By Susan J. Landers — Posted Aug. 6, 2007
- WITH THIS STORY:
- » Improved disaster response
- » External links
- » Related content
Washington -- Although most roads to pandemic flu readiness remain riddled with potholes, some communities are making steady progress.
Those cities and towns that have made exemplary advances in planning for a surge of ill patients and ways to mitigate the flu's potential devastation were honored, and the lessons they learned were shared during the Second National Congress on Health System Readiness: Pandemic Influenza Community Preparedness Planning, held July 18 to 20 in Washington, D.C.
The congress, sponsored by the AMA and the Centers for Disease Control and Prevention, also provided hundreds of representatives of the medical and public health communities the latest research on topics such as hospital surge capacity and vaccine development.
Although the threat of a massive outbreak of a devastating influenza virus has faded from the headlines, it remains very real, said several speakers who cited CDC figures estimating that 90 million Americans would become ill if a 1918-like flu were to emerge. Such a number could quickly overwhelm all medical facilities.
"We are working in this flat world where we have global extremes -- extremes in poverty and climate, the kinds of things that drive the context for emerging infectious diseases, natural disasters, terrorism events and flu pandemics," said CDC Director Julie Gerberding, MD, MPH, who spoke at the congress.
With rapidly disappearing funding, the need to collaborate and innovate becomes even more important as does the ability to network. But often the public health and medical systems appear to be moving in opposite directions, said Dr. Gerberding. "This meeting is about strengthening some of these relationships."
Federal progress report
Even as participants were grappling with the particulars of preparing their communities for a pandemic outbreak, a federal report was released that reinforced the important role such mitigation efforts will play in checking the disease's spread.

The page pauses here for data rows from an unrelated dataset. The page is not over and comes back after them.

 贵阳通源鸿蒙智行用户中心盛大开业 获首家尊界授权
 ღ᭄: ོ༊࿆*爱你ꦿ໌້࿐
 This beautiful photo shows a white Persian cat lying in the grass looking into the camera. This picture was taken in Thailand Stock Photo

The federal Homeland Security Council released July 17 a progress report for the year since a pandemic preparedness plan was unveiled. So far, protective equipment and enough antivirals to treat nearly 50 million people have been stockpiled abroad to try to contain an outbreak before it reaches this nation, according to the report. Measures also are planned to try to halt the entry of the virus at the borders, but those efforts stop short of border closings.

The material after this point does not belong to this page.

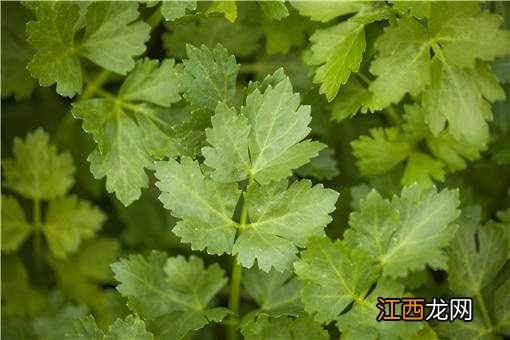 夏天种植什么农作物赚钱 夏天种植什么农作物赚钱快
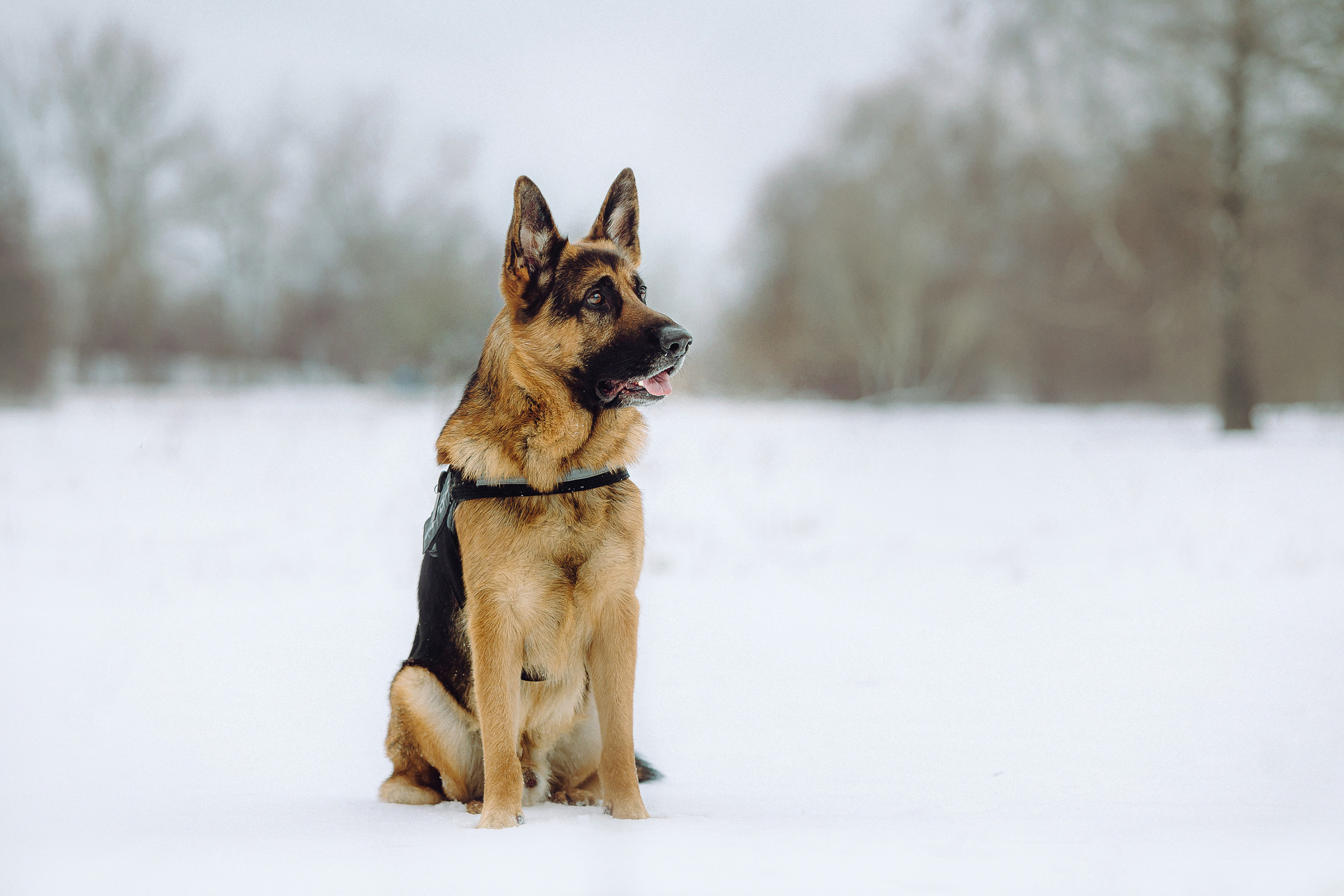 Джим, Лила и их семья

The report stresses the importance of community efforts to mitigate the effects of an outbreak. A severe pandemic would place a tremendous burden on the nation's health care system, noted the report. Plus, it could be years before there would be enough vaccine to protect everyone.
Meanwhile, the NE Minnesota Emergency Preparedness Coalition has taken measures to protect the 18,000 square miles under its watch. The coalition was among the communities honored by the AMA and the CDC for its efforts.

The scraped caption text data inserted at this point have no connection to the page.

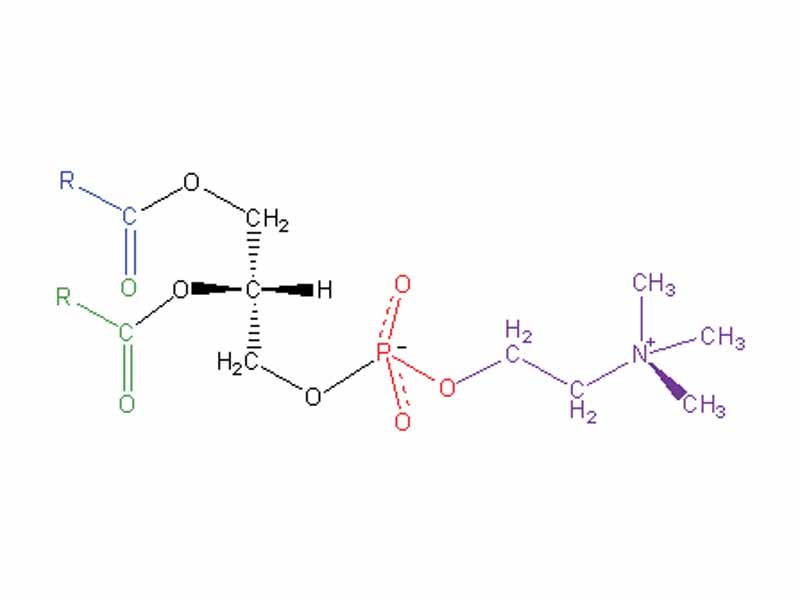 Structural formula of phosphatidyl choline (Blue/Green: Fatty acid, Black: Glycerol backbone, Red: phosphate, Purple: Choline)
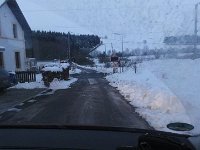 DSC00213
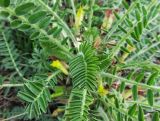 Astragalus pseudoutriger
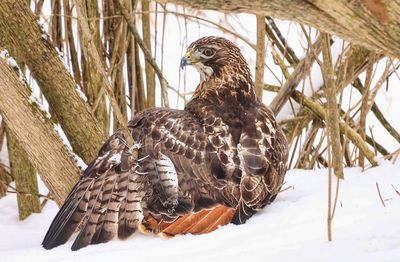 Red-tailed Hawk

The coalition has tried to include all players: the governments of eight cities, seven counties, three Native American tribes, police and fire departments, the border patrol and several volunteer organizations, said Jim Gangl, emergency preparedness coordinator with St. Louis County (Minn.) Health and Human Services, and Cheryl Stephens, executive director of Community Health Information Collaborative, a health care network based in Duluth, Minn. Among the lessons they learned were to look for ways to work together, leave egos at the door and share ideas and funding.
Another group cited at the congress was the Northern Virginia Hospital Alliance, a collaboration of 12 acute-care hospitals. Its planning process was shaped in part by the 9/11 attack on the Pentagon in Arlington, Va., and the arrival, soon after, of several letters tainted with anthrax at local postal facilities, said Dan Hanfling, MD, director of emergency management and disaster medicine for Inova Health System in Falls Church, Va.
Mistakes were made during both disasters that signaled something was wrong, said Dr. Hanfling. "We saw the importance of coming together," he said. "We know this isn't over."
There were also some surprisingly optimistic research findings provided at the congress. Gabor Kelen, MD, chair of the medical board of the Johns Hopkins Hospital in Baltimore, studied hospital surge capacity in three Maryland facilities. "We sampled 50 units throughout the hospitals and gathered data on 4,000 patients," he said. To the researchers' amazement, it appeared possible to discharge as many as 70% of patients within 72 hours to make way for an influx of more needy patients.
"That's a stunning number," he noted. The ability to come up with so many empty beds on short notice seemed almost unbelievable to the researchers, causing them to check and recheck their data, he said.